The government has tabled dozens of amendments to Finance Bill provisions on ‘disguised remuneration’ that have been severely criticised by tax professionals.

Deloitte said the ‘significant and mostly welcome’ amendments to Schedule 2 will further restrict the scope of the original proposals.

The Chartered Institute of Taxation had warned that while amendments to the initial draft published last December allayed some concerns, the Finance Bill provisions published on 31 March were ‘far too complex’.

The rules ‘remain very widely drafted and the new exclusions are intricate and heavily qualified, running to nearly 60 pages compared with the original 25,’ the CIOT said in a submission prepared last month.

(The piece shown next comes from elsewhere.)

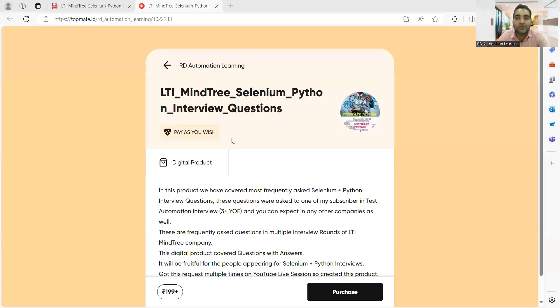Many people have been asking in live sessions and sending emails saying we upload videos on Selenium with Java but there's no content on Selenium with Python. If you search on Google or other resources, content for Selenium with Python is very limited. So I've consolidated all the questions he got in interviews across various companies — he gave nearly four to five interviews in different companies, first round and second round. I also converted the questions into answers, so it's a kind of a question bank.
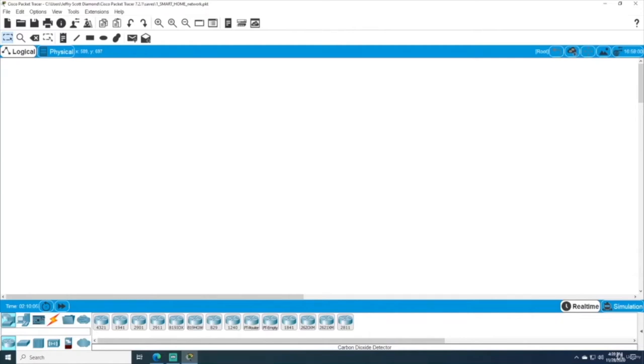Welcome to lesson one. In this lesson, we're going to set up our non-contiguous networks. Let's get started.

One of a number of ‘tax avoidance tests’ effectively introduced a general anti-avoidance rule for employment taxes, it claimed. ‘Whilst we fully appreciate the government’s objective in wanting to rein in avoidance around EBTs and to contain tax leakage concerning alternatives to registered pensions, we remain unconvinced that the present legislation represents a practical and proportionate way of going about this.’

Colin Ben-Nathan, Chairman of the CIOT’s Employment Taxes Sub-Committee, said: ‘We support the government in tackling tax avoidance involving rewards paid via third parties but we think the legislation in the Finance Bill is far too complicated and risks creating problems as well as solving them.’

Helen Lethaby, Tax Partner at Freshfields Bruckhaus Deringer, said HMRC’s ‘determination to stick with a “tax everything, untax by exemptions” approach’ had resulted in ‘a hugely complex set of rules’. Writing in Tax Journal on 22 April, she claimed that the rules ‘remain a major blot on the government’s desire to create a clear, business-friendly tax regime’.

A Public Bill Committee will resume its consideration of the Finance Bill tomorrow.